In its third day, the union is generating negative coverage, including media reports of protesting strikers illegally blocking vehicles attempting to enter and exit GM facilities.
Additionally, the UAW was charged with unfair labor practices Tuesday, claiming Local 652, headquartered in Jackson, violated the state’s Right to Work law and the National Labor Relations Act.
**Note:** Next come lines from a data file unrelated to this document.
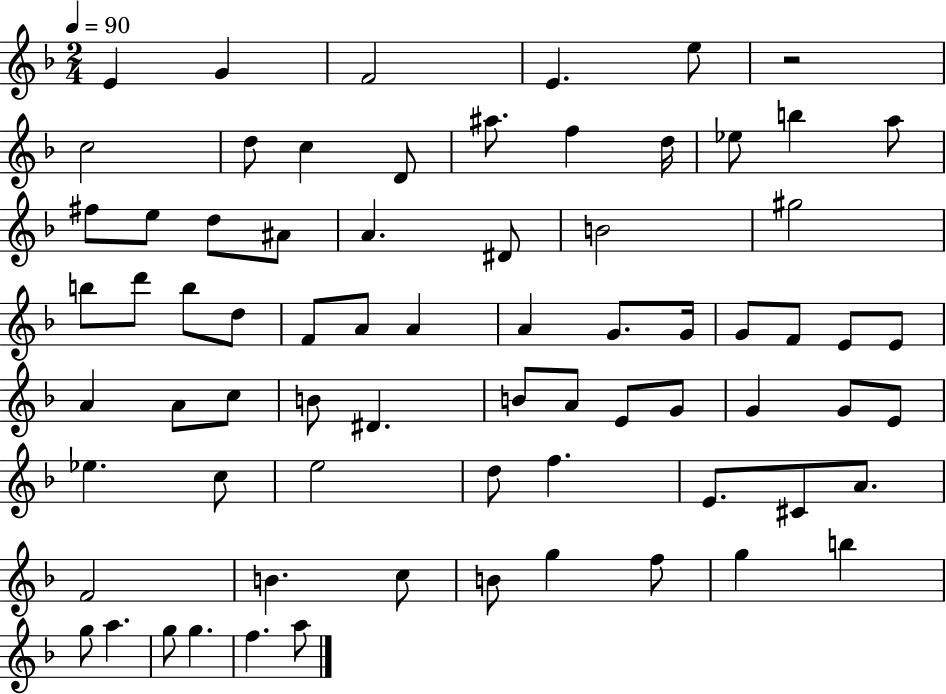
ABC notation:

X:1
T:Untitled
M:2/4
L:1/4
K:F
E G F2 E e/2 z2 c2 d/2 c D/2 ^a/2 f d/4 _e/2 b a/2 ^f/2 e/2 d/2 ^A/2 A ^D/2 B2 ^g2 b/2 d'/2 b/2 d/2 F/2 A/2 A A G/2 G/4 G/2 F/2 E/2 E/2 A A/2 c/2 B/2 ^D B/2 A/2 E/2 G/2 G G/2 E/2 _e c/2 e2 d/2 f E/2 ^C/2 A/2 F2 B c/2 B/2 g f/2 g b g/2 a g/2 g f a/2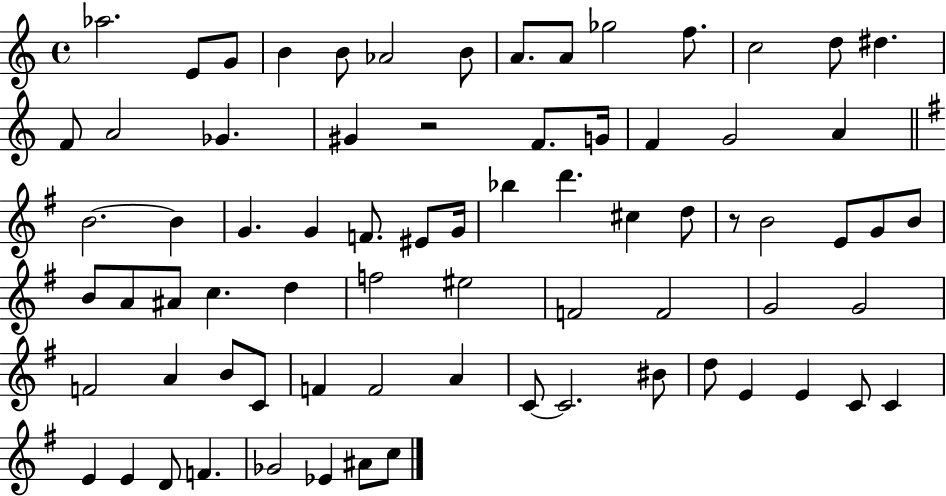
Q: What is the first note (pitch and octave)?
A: Ab5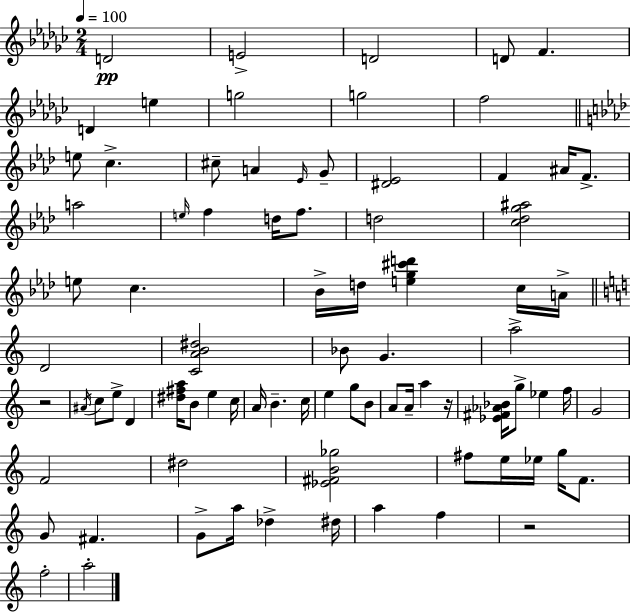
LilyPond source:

At issue is Joseph Small, a GM employee passed over for a job due to alleged interference by union officials because Small declined to join the UAW and pay union dues.
According to the National Right to Work Legal Defense Foundation, a nonprofit organization representing Small, the UAW violated his rights under the NLRA, which protects employees who exercise their rights to decline union membership from discriminatory practices.
The NRWF also asserts the UAW violated Michigan’s RTW law, which prohibits mandatory union membership and dues paying as conditions for employment.
“UAW union officials continue to show a willingness to break the law, even violating the rights of the very workers they claim to represent,” NRWF President Mark Mix said in a statement. “Whether it be federal corruption prosecutions or unfair labor practice charges at the NLRB, UAW bosses must be held accountable when they break the law.”
About 49,000 UAW employees nationally are striking the automaker in what is the first system-wide walkout since 2007. The union is seeking concessions related to job security, health care, wages and pay received by new, temporary and contract employees.
Local news outlets report that UAW picket lines have been blocking traffic on main thoroughfares as well as deliveries at GM facilities in Swartz Creek, Burton and Flint. As of press time, no arrests have been made, but several protestors allege they’ve been injured by vehicles attempting to enter GM plants.
Numerous calls to Genesee County law enforcement agencies have been unreturned.
In the meantime, UAW leaders past and present are facing federal investigations and prosecution for misuse of union funds, wire fraud, embezzlement and other charges.
“Given the swirling federal corruption and embezzlement scandal now engulfing the highest levels of the UAW hierarchy, it is understandable that many rank-and-file GM employees may conclude that this strike is more about distracting from UAW boss misdeeds than what is actually best for rank-and-file workers,” Mix said in a statement.
“Individual workers must decide for themselves whether abandoning their jobs at the behest of UAW bosses is really what is best for them and their families, especially given recent reports that officials at the highest levels of the UAW hierarchy are in the crosshairs of the FBI.”